• _Source data_:
╔══

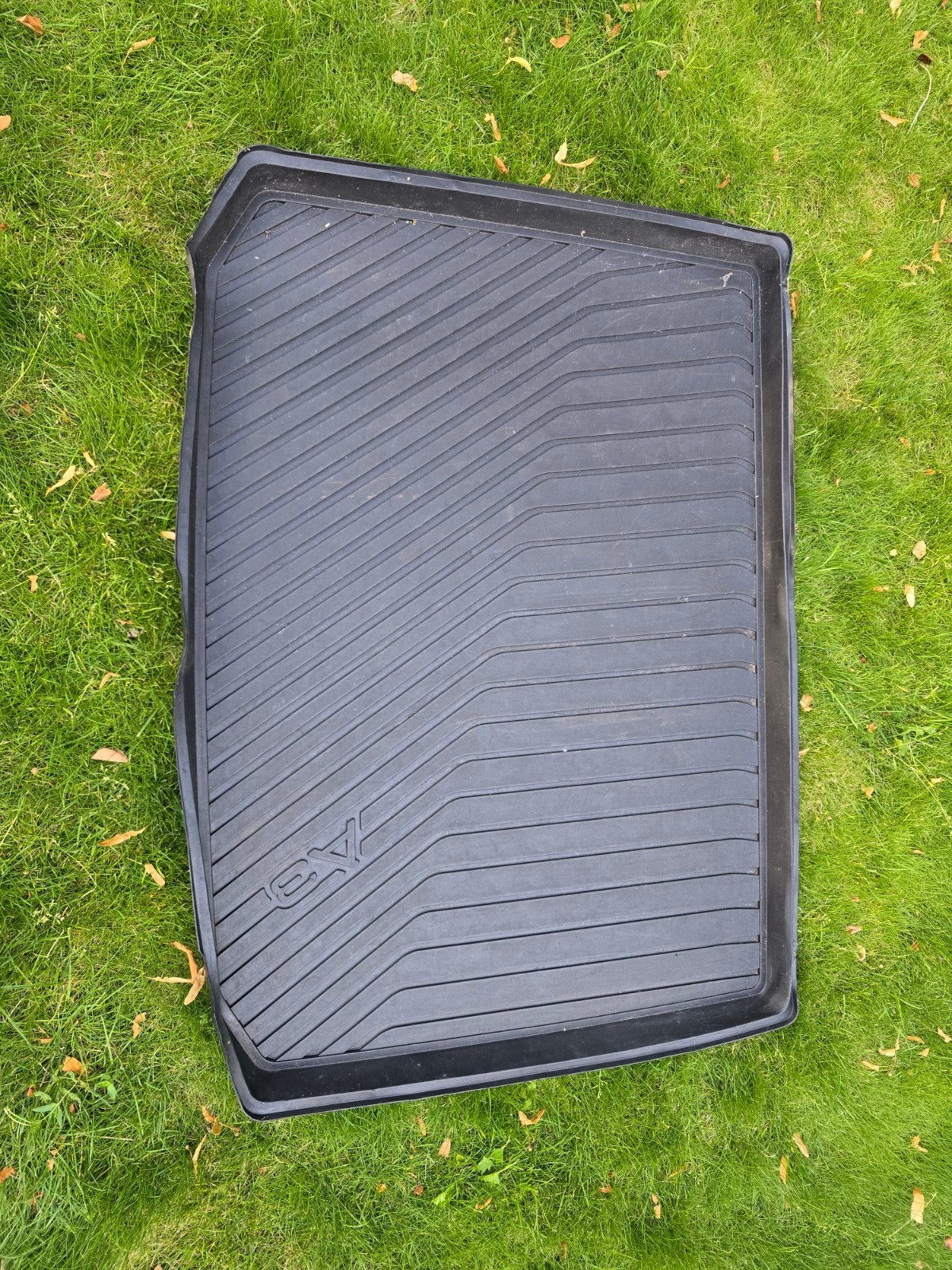 Audi A3 8V Kofferbakmat - Origineel Rubber, Ophalen, Zo goed als nieuw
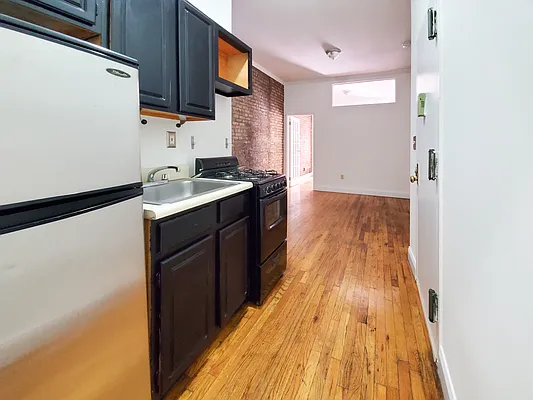 Rented by Brighton Management | media 8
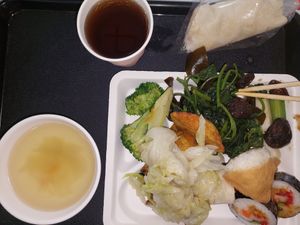 With vegan wrap to take away ($ 170) at Shou-Yu Vegetarian Buffet in Kaohsiung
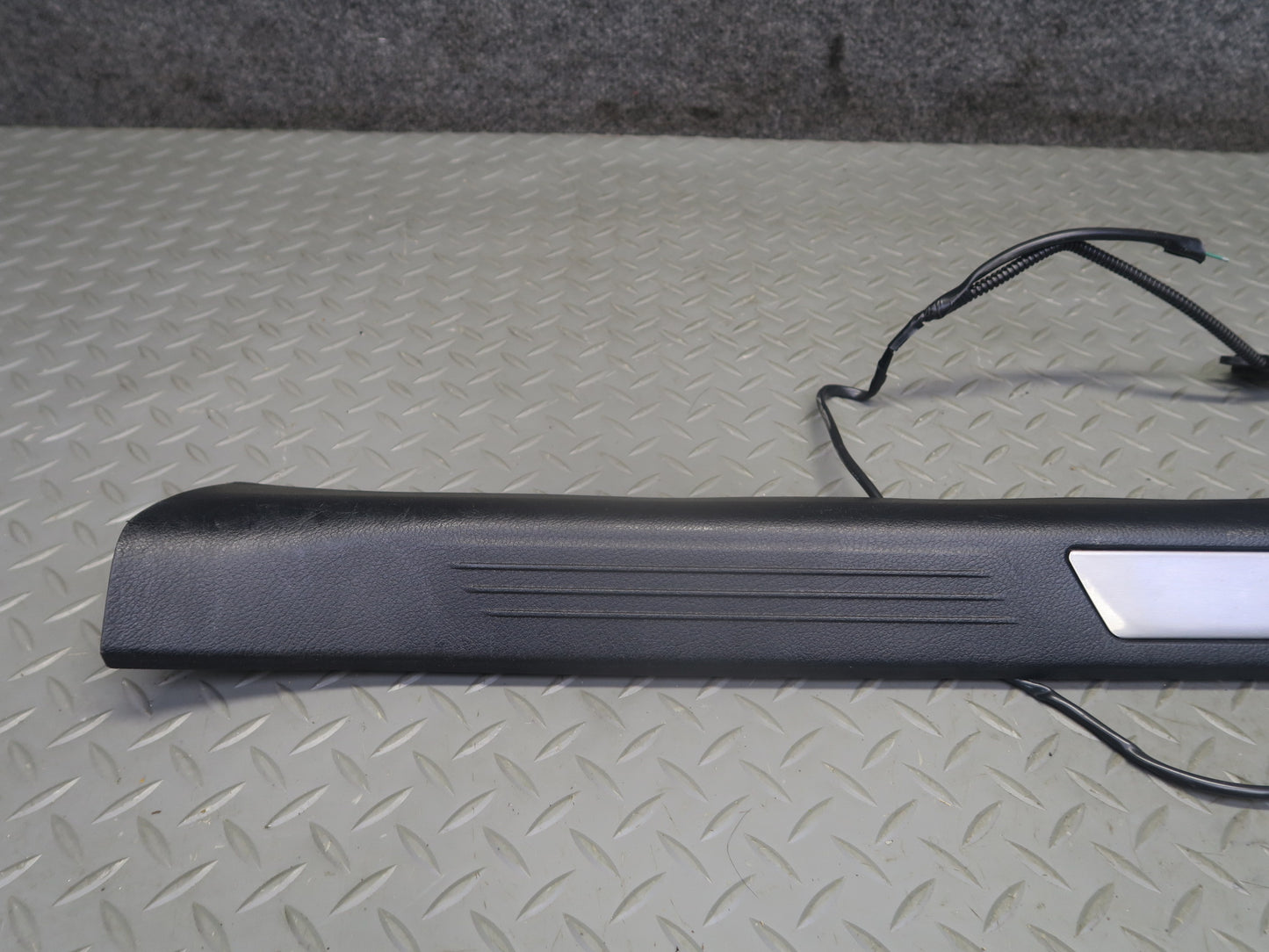 15-20 Lexus GSC16L RC350 RC300 Set of 2 Door Sill Scuff Plate w Illuminated OEM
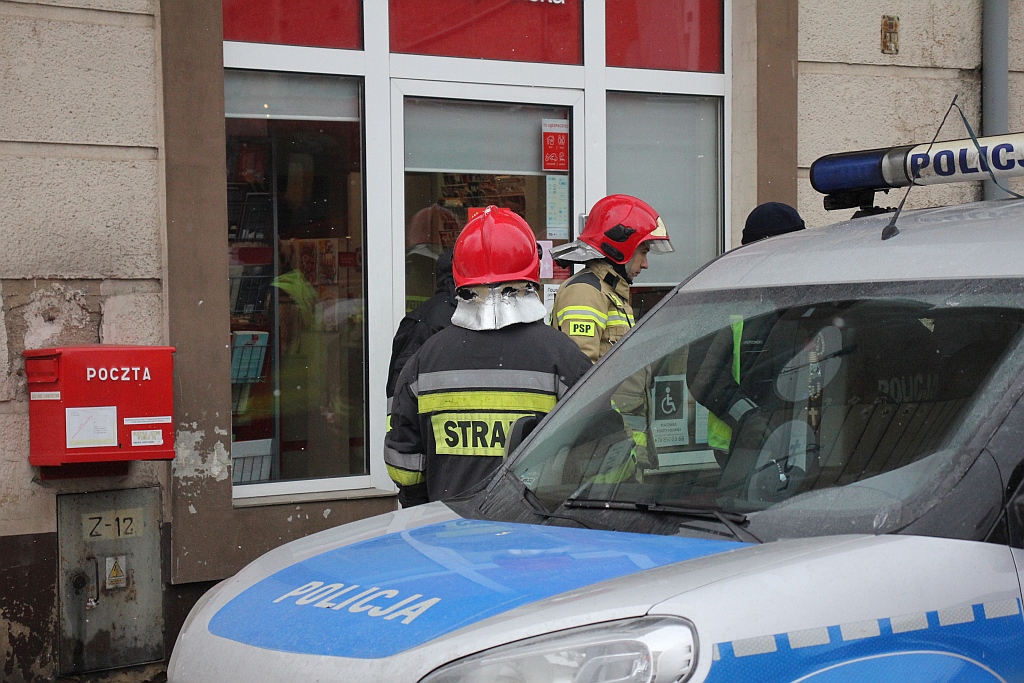 Na poczcie Nowym Świecie znaleziono paczkę z nieznaną substancją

╚══

• _Directions for this task_: The finished copy should match the data above word for word and contain no pictures.

• _Completed task_:
 Audi A3 8V Kofferbakmat - Origineel Rubber, Ophalen, Zo goed als nieuw
 Rented by Brighton Management | media 8
 With vegan wrap to take away ($ 170) at Shou-Yu Vegetarian Buffet in Kaohsiung
 15-20 Lexus GSC16L RC350 RC300 Set of 2 Door Sill Scuff Plate w Illuminated OEM
 Na poczcie Nowym Świecie znaleziono paczkę z nieznaną substancją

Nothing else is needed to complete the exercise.